I Pulled a Forest Gump
Last Friday I went for a quick run before we packed up and headed to Steamboat Springs for a week’s vacation skiing with the family. Saturday I snowboarded, came back to the condo, found no treadmill, slippery, icy conditions on the roads, and just stopped running.
No fanfare, no complaints, not even a note to my wife that night. I just stopped running, cooked dinner and went on with life.
Some of you have followed me on my journey to run every day for a year. That journey ended last Friday, after 1564 consecutive days of running at least a mile every day. I’ve collected a little data along the my journey. This streak, a little over four years of my life, has encompassed:
- 1564 days
- 2810.4 miles
- 754 miles in 2011
- 2 countries (US, UK)
- 15 US states
- 5 pairs of running shoes (due for 2 new ones now)
- using Nike +, MapMyRun, and Runmeter technologies for tracking
- used 2 iPod Nanos (1 died), an iPhone 3, 3GS, and 4 across 4 years.
- a low outside temp of 8F
- a high outside temp of 110F
- an early run of 4:15am at a hotel near Heathrow before a flight
- a late run of 11:40pm at night, after a long day
There have been some fun memories like Day 1000, which was celebrated late because of bad data. There were two great #sqlrun’s in Seattle with large groups at the PASS Summit. I have had great runs before SQL Saturdays and SQL Connections, along with other events.
My middle son has the most runs with me, probably 40-50, but the person with the second most runs, and some of very enjoyable ones, is a member of the #SQLFamily, Allen White. Allen and I ran in Cleveland, Las Vegas, Chicago, Seattle, and Liverpool, UK. I always enjoy seeing him, and look forward to more runs in the future, and perhaps even a marathon some day.
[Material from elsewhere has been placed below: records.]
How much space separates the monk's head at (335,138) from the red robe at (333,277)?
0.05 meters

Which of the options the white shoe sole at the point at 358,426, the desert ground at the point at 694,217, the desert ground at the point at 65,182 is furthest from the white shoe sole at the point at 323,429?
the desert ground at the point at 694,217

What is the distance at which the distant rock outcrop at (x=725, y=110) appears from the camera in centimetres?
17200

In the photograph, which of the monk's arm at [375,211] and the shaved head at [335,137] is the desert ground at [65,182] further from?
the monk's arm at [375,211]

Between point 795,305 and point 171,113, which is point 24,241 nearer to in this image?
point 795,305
I’ll still be running, but mixing in other exercise more often. Throughout this streak I’ve played baseball, snowboarded, practiced karate, and played volleyball, but I’ve limited some other exercise I’d like to try more.
I believe that taking care of your health is an important part of life, and exercise is one way I do that. I’d encourage all of you to find some way to ensure you are using your body, and not just your mind as you move through your career.